Some great advice by a lot of very knowledgeable people, this is what makes this site special. If you could only get Jackster to give you a few lessons you would be golden.


----------



## dead short (Sep 15, 2009)

Definitely need someone to do it...and not for $100 an hour....


----------



## Shoeman (Aug 26, 2000)

Pretty simple once you feel the rod load! 

Where ya at?


----------



## dead short (Sep 15, 2009)

The thriving metropolis of Bad Axe...


----------



## Boardman Brookies (Dec 20, 2007)

dead short said:


> Definitely need someone to do it...and not for $100 an hour....

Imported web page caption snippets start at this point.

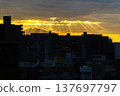 Crepuscular rays visible between buildings 137697797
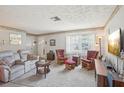 Cozy living room featuring a comfortable sofa, rocking chairs, and natural light from large windows at 2702 Ochatilla Rd, Holiday, FL 34691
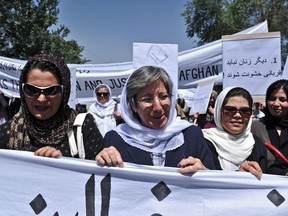 Afghanistan head of Human Rights Commision Seema Samar (C) marches with Afghan women to protest the recent public execution of a young woman for alleged adultery, in Kabul on July 11, 2012. (AFP/MASSOUD HOSSAINI)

Where do you live? Coming up soon Streamside Orvis meets in Wednesday nights at CCC bridge on the Manistee and helps new anglers out. Its free.


----------



## dead short (Sep 15, 2009)

Over in the thumb....


----------



## Boardman Brookies (Dec 20, 2007)

dead short said:


> Over in the thumb....


Bummer. The Cass River is fairly close. I'd go mess around with it in there. Closest trout water is probably the Rifle or some of the rivers around Clare. Honestly I kind of taught myself by watching online video and yard casting. Then I fished a pond with gills and large mouth to practice hook setting and landing fish. Then it was on to the trout stream. I wouldn't worry about distance or anything like that. I probably roll cast 80% of the time anyways.


----------



## bobberbill (Apr 5, 2011)

Best way to learn is just go fishin.. You'll get the hang of it quick. I caught a nice mess of gills this morning on my 5wt St Croix Avid. Any fly that looks like a big black ant. Big gills feel like a tuna. My favorite type of fishing..


----------



## msfcarp (Jun 6, 2006)

bobberbill said:


> Best way to learn is just go fishin.. You'll get the hang of it quick. I caught a nice mess of gills this morning on my 5wt St Croix Avid. Any fly that looks like a big black ant. Big gills feel like a tuna. My favorite type of fishing..


Yup, beats trout fishing any day IMO, lol!


----------



## Fishman95 (Jan 25, 2015)

msfcarp said:


> Yup, beats trout fishing any day IMO, lol!


Fishing for food, bluegill win first place hands down. I feel more satisfaction fooling a trout though. to each his own, I enjoy both


----------



## Rasputin (Jan 13, 2009)

I would agree that learning to fly fish on a lake is a great first step before adding in the complications that current adds. Mend, mend, mend........


----------